(Beginning of Records supplied)
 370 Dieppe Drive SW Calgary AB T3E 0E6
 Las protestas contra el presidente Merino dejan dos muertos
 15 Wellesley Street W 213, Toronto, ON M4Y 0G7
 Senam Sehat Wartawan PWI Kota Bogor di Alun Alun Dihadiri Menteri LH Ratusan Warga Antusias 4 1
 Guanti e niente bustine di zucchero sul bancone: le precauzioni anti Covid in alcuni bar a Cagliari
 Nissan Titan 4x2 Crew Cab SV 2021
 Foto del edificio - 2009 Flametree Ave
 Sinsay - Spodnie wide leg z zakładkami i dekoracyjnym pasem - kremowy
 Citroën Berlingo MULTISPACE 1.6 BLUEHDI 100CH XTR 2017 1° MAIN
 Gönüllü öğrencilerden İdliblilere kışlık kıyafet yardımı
(End of Records supplied)
## [Problem requirements]
The required output is every line of the entries, starting at the one that contains "Sinsay - Spodnie" and ending at the last, copied exactly.

## [Response to the task]
 Sinsay - Spodnie wide leg z zakładkami i dekoracyjnym pasem - kremowy
 Citroën Berlingo MULTISPACE 1.6 BLUEHDI 100CH XTR 2017 1° MAIN
 Gönüllü öğrencilerden İdliblilere kışlık kıyafet yardımı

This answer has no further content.